O Estado de S.Paulo - 19/04/12
As recomendações do FMI para o Brasil, divulgadas no seu Panorama Econômico Mundial, são pouco inovadoras e estão no mínimo atrasadas. O Fundo pede cautela com a política monetária para evitar um superaquecimento da economia, que não existe e só ele vê. Há ainda a contradição de recomendar ao Brasil e aos países emergentes maior concentração de esforços na expansão do mercado interno, pois não devem contar com um crescimento de apenas 3,5% da economia e do comércio mundial este ano, mas, ao mesmo tempo alertam para os riscos do "superaquecimento"...
"Os emergentes devem estimular a demanda interna, mas evitar um "superestímulo" à atividade econômica," diz o Fundo, textualmente.
Cabem aos países desenvolvidos crescer, acrescenta, mesmo sabendo que, à exceção dos Estados Unidos, eles não estão fazendo nada; ao contrário, adotaram políticas que levam à recessão.
E nós? Vejam só. No caso do Brasil, o FMI recomenda cautela com o corte de juros porque podem exacerbar a demandar e provocar "reaquecimento..." "O crédito elevado e o crescimento das importações sugerem que os riscos de superaquecimento não estão completamente sob controle e poderiam ressurgir se o fluxo de capital retornar aos níveis anteriores,"afirma textualmente o Fundo.

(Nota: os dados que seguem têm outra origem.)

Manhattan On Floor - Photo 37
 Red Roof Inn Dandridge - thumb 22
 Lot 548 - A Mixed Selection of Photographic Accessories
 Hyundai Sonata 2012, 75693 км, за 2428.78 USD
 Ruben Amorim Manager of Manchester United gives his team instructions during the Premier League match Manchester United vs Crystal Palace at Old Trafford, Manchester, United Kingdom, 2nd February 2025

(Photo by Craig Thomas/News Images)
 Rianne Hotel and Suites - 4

Mas ele não está prevendo um crescimento do PIB de apenas 3% este ano? Onde está o risco de "superaquecimento?" Há muita contradição nisso tudo.
Atrasado. Tudo indica que a análise e alertas do FMI se baseiam em fatos passados que há muito deixaram de existir. Não há no segundo trimestre do ano, nenhum, absolutamente nenhum sinal de "superaquecimento" no Brasil. Ao contrário, está evidente que as políticas monetária e fiscal no fim do ano passado foram de tal forma restritivas, que a economia simplesmente estagnou nos últimos meses.
A previsão do BC, quase sempre correta, é de que, em fevereiro, o PIB "cresceu" apenas 0,23%; no bimestre janeiro-fevereiro de 2011 e 2012, nada mais que 0,08%. Onde estão os riscos de "superaquecimento"que os economistas do Fundo estão vendo no Brasil?
É evitar a recessão. Ao contrário do que eles afirmam, o desafio atual do governo é crescer um pouco mais para evitar a recessão. Já estamos tendo um trimestre negativo, como mostram os indicadores preliminares de março.
O próprio Fundo admite em seu relatório que as taxas agora estimadas para este ano e o próximo são apenas 0,1% (erro estatístico como aquele 0,08%?) acima das projetadas em janeiro. Ou seja, estagnação.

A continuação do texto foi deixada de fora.